KU’s Gunn inducted into National Science Fiction Hall of Fame

Lawrence science fiction writer and Kansas University professor emeritus James Gunn is pictured with a miniature version of a translucent award featuring his own likeness that will be on display at the Science Fiction Museum and Hall of Fame in Seattle. Gunn, who is the author of 42 published science fiction novels and is working on his 43rd, was inducted into the Science Fiction Hall of Fame this summer.

In 1996 James Gunn co-founded the Science Fiction Hall of Fame and, for several years, inducted others into it at the hall’s home base, Kansas University.

The hall of fame moved in 2004 to a bigger national stage — the national science fiction museum, EMP in Seattle — and this summer Gunn himself was inducted.

“It was a rather unusual and very surprising turn of events, but one which was very pleasing and satisfying,” Gunn said.

Gunn, 92, of Lawrence, is professor emeritus of English at KU and namesake of the university’s Gunn Center for the Study of Science Fiction.

The museum, in Gunn’s hall of fame listing, calls him a “triple threat” in the field — author, scholar and teacher.

Lawrence science fiction writer and Kansas University professor emeritus James Gunn is pictured with a miniature version of a translucent award featuring his own likeness that will be on display at the Science Fiction Museum and Hall of Fame in Seattle. Gunn, who is the author of 42 published science fiction novels and is working on his 43rd, was inducted into the Science Fiction Hall of Fame this summer.

“As an author, James Gunn writes insightful science fiction that examines how humanity will tackle the problems the future may bring,” according to EMP. “As a scholar, he devoted his career to promoting and advancing the study of science fiction.”

Gunn began writing science fiction in 1948 while in graduate school, after serving in the Navy during World War II, according to his hall of fame bio. He has published more than 100 short stories, 10 novels, and numerous works of criticism.

Gunn’s fellow 2015 inductees include none other than late author Kurt Vonnegut, who Gunn said he was “particularly pleased” to be inducted alongside. Gunn said he had an opportunity to get acquainted with the famous writer on two occasions he came to speak at KU.

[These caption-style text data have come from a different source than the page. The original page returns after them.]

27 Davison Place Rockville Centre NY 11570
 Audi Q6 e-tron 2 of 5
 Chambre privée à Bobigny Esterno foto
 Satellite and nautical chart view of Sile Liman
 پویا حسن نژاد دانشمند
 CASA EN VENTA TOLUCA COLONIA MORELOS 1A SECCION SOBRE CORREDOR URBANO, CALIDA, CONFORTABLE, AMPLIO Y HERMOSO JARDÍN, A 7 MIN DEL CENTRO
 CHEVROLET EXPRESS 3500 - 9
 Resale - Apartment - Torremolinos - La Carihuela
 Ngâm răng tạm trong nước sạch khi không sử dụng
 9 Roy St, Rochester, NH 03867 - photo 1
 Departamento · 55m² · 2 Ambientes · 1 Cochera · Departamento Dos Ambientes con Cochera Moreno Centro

Hall of Fame nominations are submitted by EMP members, and final inductees are chosen by a panel of science fiction and fantasy authors, artists, editors, publishers and film professionals, according to EMP.

This year’s three other inductees are filmmaker Georges Méliès and artists John Schoenherr and Jack Gaughan.

Gunn has received a number of other big honors in the field, probably most notably being named a Grand Master by the Science Fiction Writers of America in 2007.

“It seems as if my cup has been overflowing,” Gunn said.

All the while, Gunn, who retired from KU in 1993, has kept writing.

He’s midway through a trilogy now.

“Transcendental” was published in 2013 by Tor Books. “Transgalactic” is complete and scheduled to publish in March 2016. Writing on “Transformation,” the third book, is underway, Gunn said.

For years, Gunn said much of his writing was more based on current events and took place closer to the present. Gunn described the new trilogy as a return to the space epic, the style of novels he penned in the 1950s.

The “Transcendental” trilogy combines all the influences from his life and writing — and most of the first book takes place on a spaceship carrying humans and aliens through a galaxy dominated by a federation of aliens. The ship’s riders set out to find a transcendent machine, he said, “and a few of them make it through.”

Without spoiling the ending or the yet-to-publish volumes, Gunn said the next books involve characters attempting to find their way back together after being separated in the galaxy and then facing an alien invasion.

In remarks he prepared for the hall of fame induction, Gunn reflects on the changes in science fiction since he “sat in a garret” writing his first story in 1948.

“The world has changed, too, often in positive ways, sometimes in ways that threaten its survival,” he said. “It’s the job of science fiction, it’s our job, to observe those changes and consider their implications for human lives and maybe even do something to make those lives better, more livable, more human — whatever ‘human’ turns out to be. Let’s save the world through science fiction.”